Jervis v. Elerding

504 F. Supp. 606, 1980 U.S. Dist. LEXIS 15767
CourtDistrict Court, C.D. California
DecidedDecember 29, 1980
Docket80-3142-WMB
StatusPublished
Cited by21 cases

This text of 504 F. Supp. 606 (Jervis v. Elerding) is published on Counsel Stack Legal Research, covering District Court, C.D. California primary law. Counsel Stack provides free access to over 12 million legal documents including statutes, case law, regulations, and constitutions.

Bluebook
Jervis v. Elerding, 504 F. Supp. 606, 1980 U.S. Dist. LEXIS 15767 (C.D. Cal. 1980).

Opinion

ORDER GRANTING MOTION TO DISMISS

WM. MATTHEW BYRNE, Jr., District Judge.

This action is brought under 29 U.S.C. § 1132(a)(1)(B) (1976) to recover pension benefits allegedly owing to plaintiff under the Employee Retirement Income Security Act of 1974, 29 U.S.C. § 1001 et seq. (1976) (“ERISA”). Pendent to the ERISA claim are state law causes of action for breach of contract, willful infliction of emotional distress, and fraud. Jurisdiction is founded on 29 U.S.C. § 1132(e)(1) (1976).
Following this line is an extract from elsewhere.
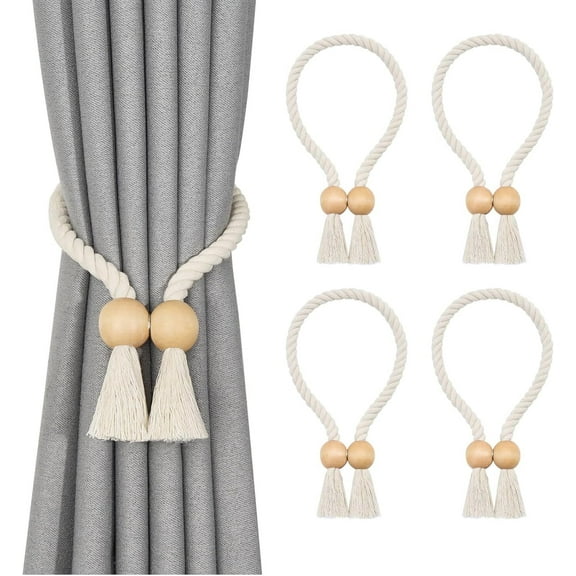 GoXteam 4 Pack Wooden Magnetic Curtain Tiebacks Boho Home Decor, Natural Cotton Hand Woven Rope Curtain Holdbacks for Home & Office Window Draperies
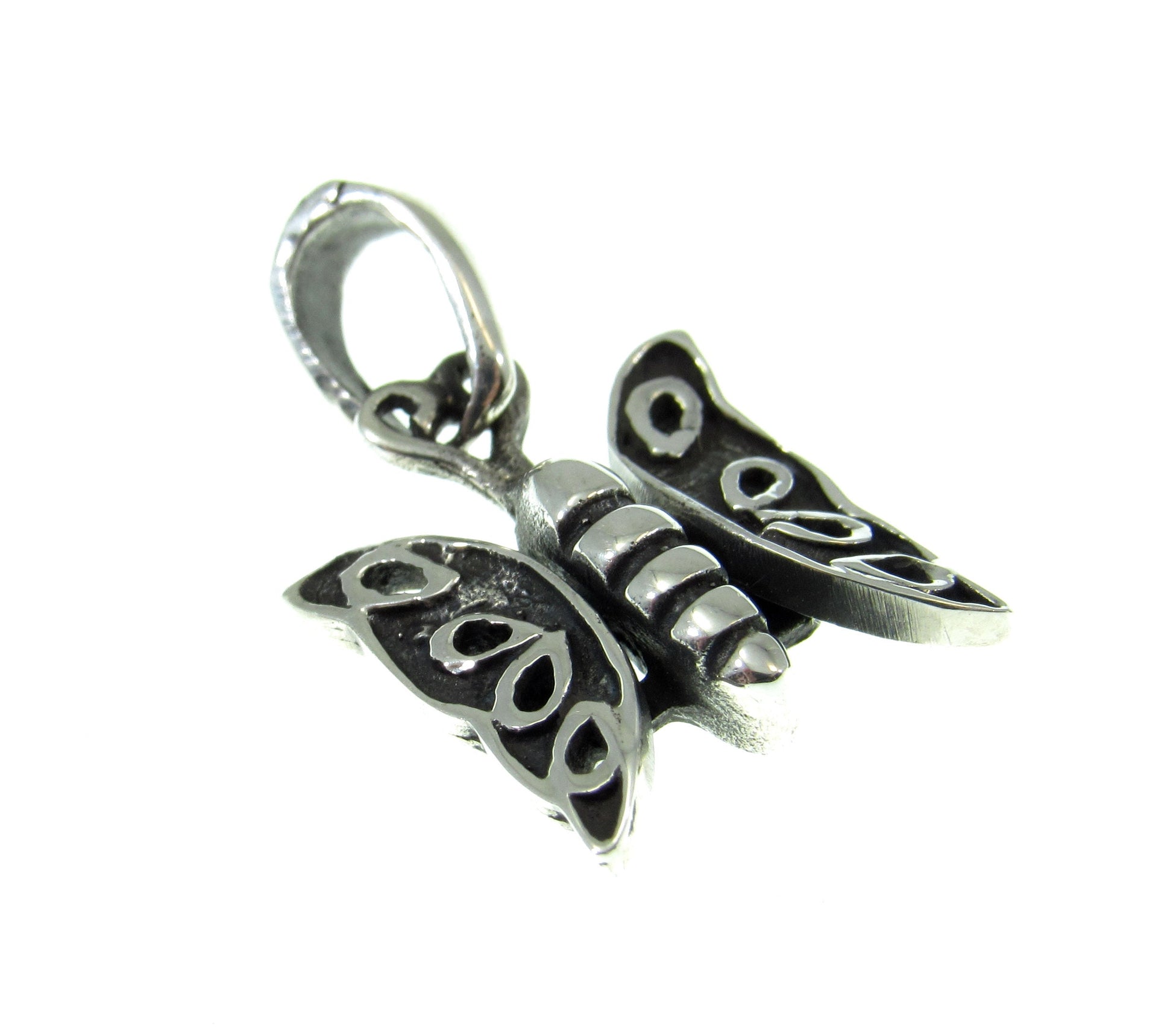 Solid 925 Sterling Silver Movable Butterfly Charm, Handcrafted Insect Jewelry Pendant, Wings Move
Dr. Charles Elerding is the owner of thirteen apartment complexes. In 1964 he hired Marie Jervis to operate and manage these units. In December 1974 the parties entered into a Memorandum of Employment Agreement (“Agreement”) to formalize their existing relationship. The Agreement stated:

In addition to the salary paid to Employee for her services, Employer agrees that upon Employee’s retirement, or the termination of this agreement, Employer will provide for Employee, at no cost to her, an apartment, together with all utility services necessary thereto, for the number of months for each year, which correspond with the number of years of her employment pursuant to this Agreement, and the previous oral agreement of the parties. By way of illustration: If, upon Employee’s retirement or the termination of this agreement, she has worked a total of ten (10) years for Employer, Employer will provide for her the said apartment and paid utilities for ten (10) months of each year from the date of her retirement or termination of this agreement, until the date of her death.
The apartment facility to be provided pursuant to this paragraph shall be equivalent to the‘one in which Employee is residing on the date of the execution of this Agreement. ...
The provisions of this Paragraph . .. constitute a material inducement for Employee’s continuing services to Employer, and shall therefore survive the termination of this agreement, either by breach of either party or mutual cancellation of this agreement.

In November 1979, after being advised by Dr. Elerding of his dissatisfaction with her work, Mrs. Jervis left his employ. Dr. Elerding refused to provide Mrs. Jervis with an apartment and this case ensued.

Defendant moves to dismiss the ERISA claim on the grounds that this Court lacks subject matter jurisdiction because the Agreement that allegedly created the pension rights does not come within the purview of ERISA. 1 Defendant also moves to dismiss the state law claims on the basis that the Court should not exercise pendent jurisdiction.

The first question presented is whether this contract between an employer and one employee, which provides as present consideration for services rendered that the employee be furnished with a rent-free apartment after her retirement or termination, is *608 an “employee pension benefit plan” under ERISA. 2

ERISA provides that civil actions may be brought in federal court

by a participant or beneficiary—
(B) to recover benefits due to him under the terms of his plan, to enforce his rights under the terms of the plan, or to clarify his rights to future benefits under the terms of the plan ....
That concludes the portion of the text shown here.